RICHMOND, Va. (BP) — “Water, water, everywhere, nor any drop to drink.”

In “The Rime of the Ancient Mariner,” sailors go mad with thirst under a scorching sun as their cursed vessel sits, day after day, “idle as a painted ship upon a painted ocean.”

Erich Bridges

Thirsty in the midst of an ocean: Sounds like our relationship to the ever-increasing torrent of information flooding us from every direction. We can’t even begin to absorb it, much less use it effectively.

“Information workers, who comprise about 63 percent of the U.S. workforce, are each bombarded with 1.6 gigabytes of information on average every day through emails, reports, blogs, text messages, calls, and more,” writes Andrea Coombes of The Wall Street Journal.
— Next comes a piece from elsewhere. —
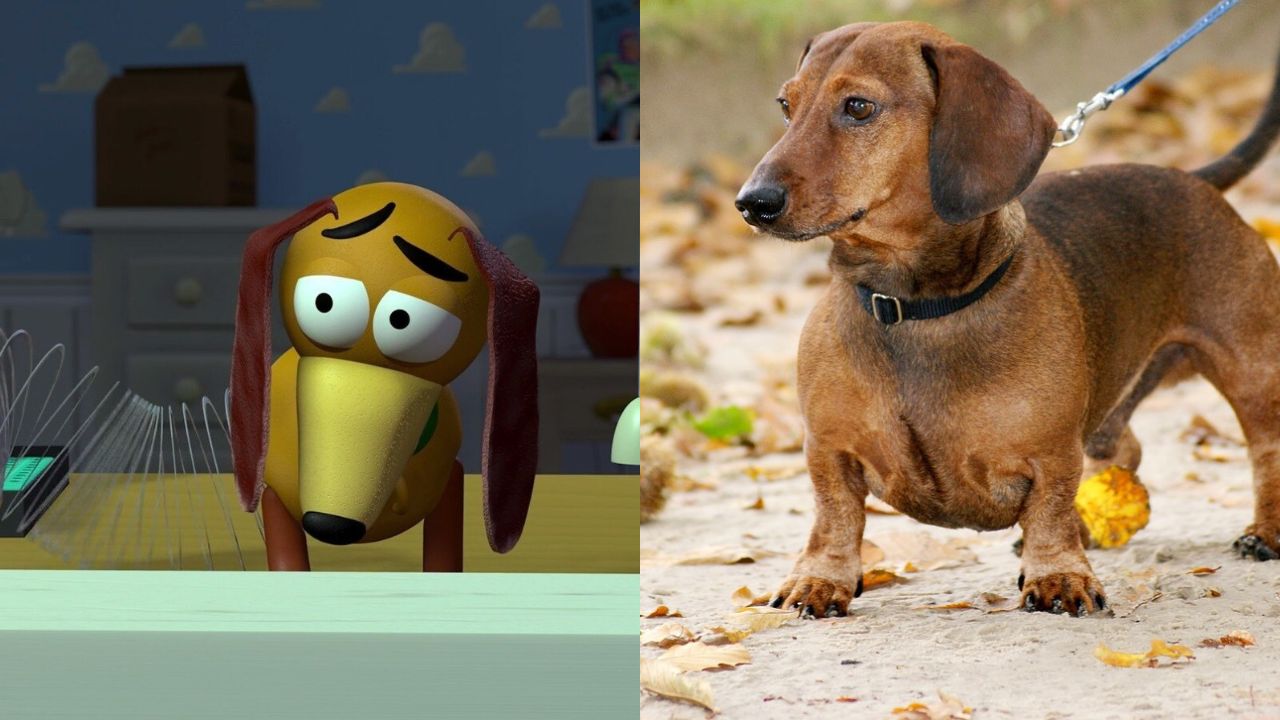 Slinky e cachoro da raça Dachshund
Drenched in this waterfall of data, we often remain dehydrated when it comes to the knowledge and insights we need to understand God’s world and how to respond to it.

Several pastors and mission ministers recently were asked what they read regularly. They cited multiple types of print and digital media, but said they needed more than information. They want handles, context, practical tools they can use to get their families and churches involved in the wider world.

At the very moment when all kinds of media are multiplying, one of the best tools available for understanding the onslaught of information is on life support: journalism. For all their biases and shortcomings, good newspapers tell us what is happening, where and when it’s happening and, often, why it’s happening.

With a newspaper in one hand and a Bible in the other, we can cut through the clutter, get to the heart of the matter, and act.

A vital free press was important enough to the founders of our nation to appear in the Bill of Rights, right up top in the First Amendment, alongside freedom of religion, speech, assembly, and petition. Ben Franklin was a dedicated newspaperman. Thomas Jefferson understood it as well.

“Were it left to me to decide whether we should have a government without newspapers, or newspapers without a government, I should not hesitate a moment to prefer the latter,” Jefferson famously said.

Mr. Jefferson, we are facing the possibility of the former.

Newspapers large and small are closing up in one city after another. More than 22,000 U.S. newspaper jobs were lost in 2008; another 7,000 employees have been laid off so far this year. One analyst predicts the last newspaper printing press will stop rolling by 2043. Others think the end will come much sooner than that amid a tough economy, generational declines in readership, and the demand for free content (including news) online.

Religious media face those pressures – plus the decline of support for denominational institutions. Southern Baptist state newspapers, for instance: They have a long, noble tradition of informing churches and holding Southern Baptist leaders and institutions accountable. They’re still doing both, but struggling to survive in the new multimedia environment.

Stop whining, respond new-media proponents. Journalism isn’t dying, they assert, it’s just being forced to change like everything else. More good news reporting than ever is available online at the touch of a keypad – sifted and sorted by personal interest. And it’s being greatly enriched by “citizen journalism,” blogs, social media, and other new forms of digital interaction.

True enough, but is Google opening news bureaus overseas? Will Facebook send reporters to cover the next war or natural disaster, or investigate corruption in your local government?

So, I challenge you to buy a newspaper. That’s right, buy it – with cash money from your pocket. Read it. Put it into the hands of a young person in search of knowledge and understanding. Subscribe to a Baptist state paper.

You can’t make an impact on your mission field – which is the world, from your town to the ends of the earth – unless you understand it.